Sometimes I’m not sure what I’m saying either!
xoxo
Janet says
Beautiful needlework! Are you familiar with the St. Martha’s Guild at St. John Cantius parish in Chicago?
https://www.stmarthasguild.com/
I am so glad that there are still craftspeople keeping this alive.
Leila says
This Guild is amazing!
I have it all bookmarked now!
Janet says
I knew you would appreciate the Guild, Leila! So much interesting and useful information on their site, too, for all of us inclined towards the fiber arts.
Becca says
Advice for handling sweet and adorable two-year-old girls who pull their pigtails out at every turn? I already use those tiny rubber bands, as her hair is too slippery to hold anything else. I just can’t bring myself to cut bangs!
Leila says
A cute bob! Cut it so that it’s chin length, a bit higher in the back (in the end it will be level, but if you make it lower in the back it will look odd and amateurish — aim for shorter).

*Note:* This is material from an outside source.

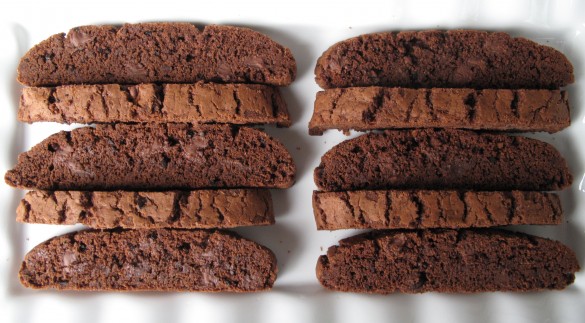 Biscotti lined up on a white plate.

Then one of those clips that snaps into place to keep the bangs back.
Victoria says
I totally feel the pain of not wanting to cut bangs, it’s not my favorite look, but I cut bangs for my daughter again last week after yet another failed attempt to let her grow her hair out and keep it up. It really is liberating!
Laura P. says
One item that I have found really helpful for children’s hair is a “continuous spray” spray bottle – it sprays for 3-5 seconds with a single pump. It sounds like such a silly thing, but it is so simpler than a normal spray bottle.
I find it much easier to work with damp hair rather than dry, and the finished product always looks much neater. All of my children have slightly curly hair, so this also helps refresh the hair and really helps the boys’ longer hair not look as scruffy as it does otherwise.

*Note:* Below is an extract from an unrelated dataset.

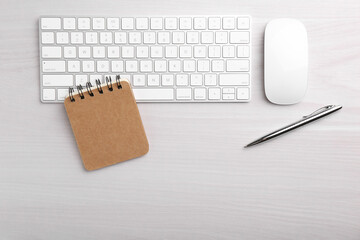 Office workplace. Keyboard, pen, mouse and notebook on white wooden table, flat lay. Space for text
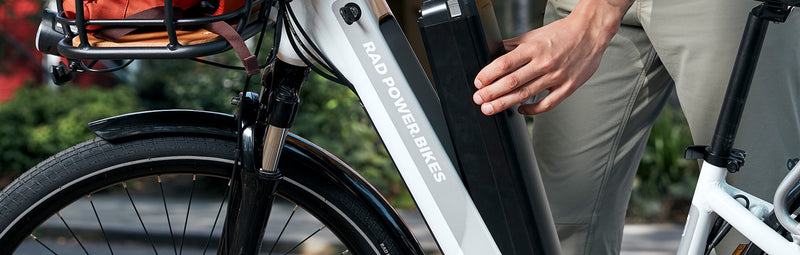 A man's hand removes a battery from his RadCity 5 Plus electric commuter bike.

Thank you for the continued wisdom!
Leila says
I am not familiar with this type of bottle, but it sounds like just the thing.
I learned with my eldest daughter, Rosie, and her frothy curls as a little one, that there was no substitute for a spray bottle! Without it, she was a bit of a mop. With it, she was transformed into an adorable little angel!
Caitlin says
I cannot agree more about the hair thing. My six year old girl has beautiful, long, thick hair, but she hates having it up. It’s often tangled and she gets food in it. If he argues with me about putting it up I will have to make her get a bob (when she was three I did cut it chin-length, and it was absolutely adorable. Her younger sister still has her bob and it’s so sweet-looking.) Unfortunately it just slithers right out of a braid though…I’ve got to up my braiding game.

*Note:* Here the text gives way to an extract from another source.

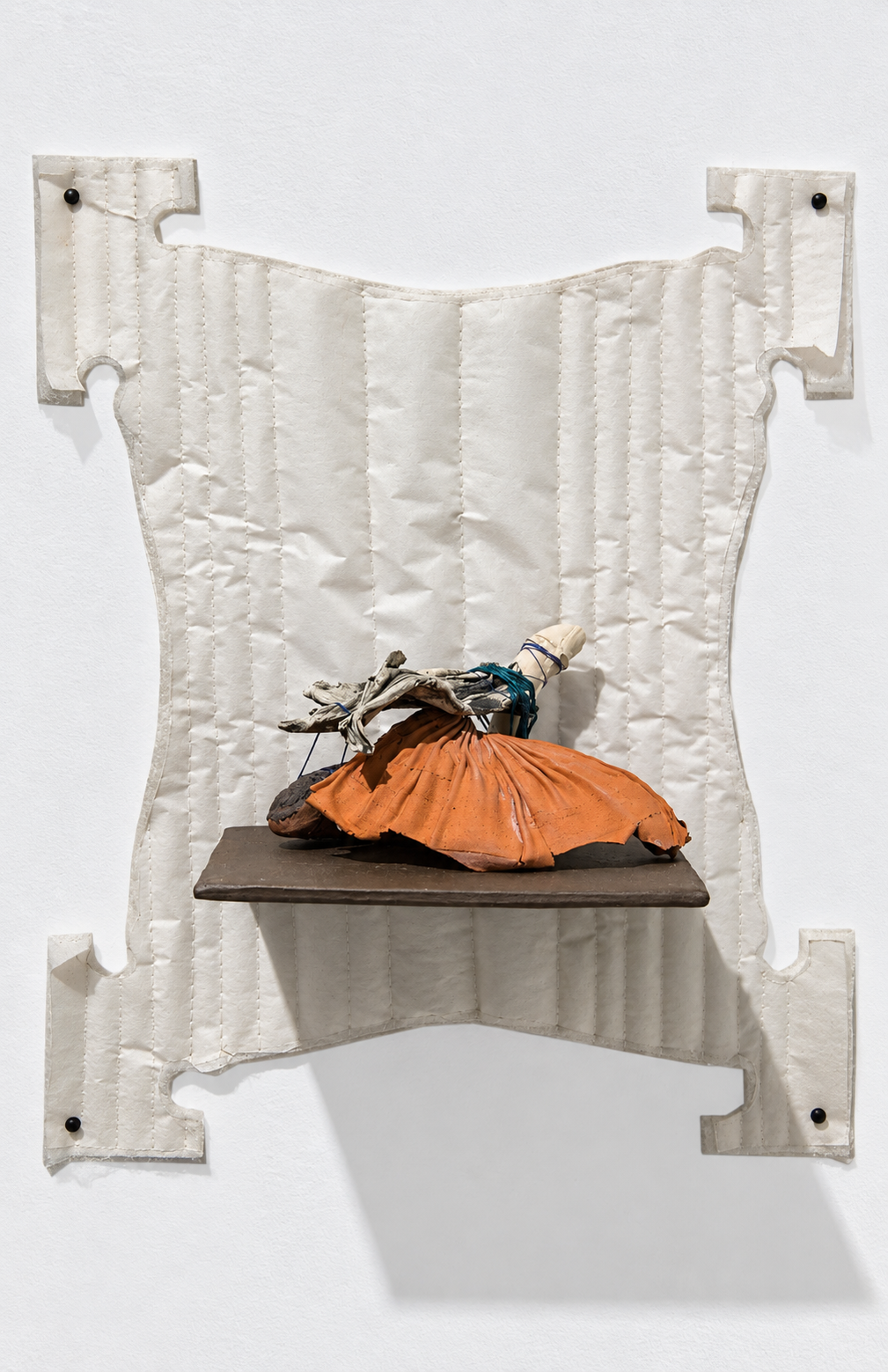 interchange . 2016 . ceramic, thread, batting, parchment paper, upholstery tacks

Some moms my age, particularly in the homeschool/gentle parenting/Wild and Free milieu, seem to think their little boys look sweet and unspoiled with longish wild hair. Lord forgive me but it always gives me the impression that the moms maybe think just a little too highly of their wee little princes. Or they’re doing it for Instagram.
A friend of mine once complimented me on how my children dress. They are never fancy but I confess I am a bit of a stickler for weather-appropriate clothing, bike shorts under the skirts, no wildly-clashing patterns or tacky cartoon character shirts. I don’t need them to be fashion plates, but I don’t want them to look like motherless children, either! Or like laundry hampers 🙂
Looking forward to listening to the podcast episode. I always enjoy getting to hear your voice!
Leila says
The motherless child thing is real! And the motherly affection for little boys’ curls is also a thing. However, when those curls become a factor in being able to see or do things without having to push them out of the face continually, mother needs to rein herself in!
Mrs. T says
We have 7 boys and 2 girls. The 16 yr old boy is in dire need of a haircut, but to no avail. His father and I have both told him it looks messy and unkempt, but he refuses to have it cut. He is so intent on looking different than us and having his own style, but he’s not doing a very good job of it. I’m slightly mortified when I see him on the altar serving Sunday Mass. The other boys are kept short and basic, although I see the 13-year-old trending toward the longer hair… I remember my brothers going through that phase, but then it passed. Any tips on allowing them to “style” themselves while keeping it reasonable? Talking strictly hair here.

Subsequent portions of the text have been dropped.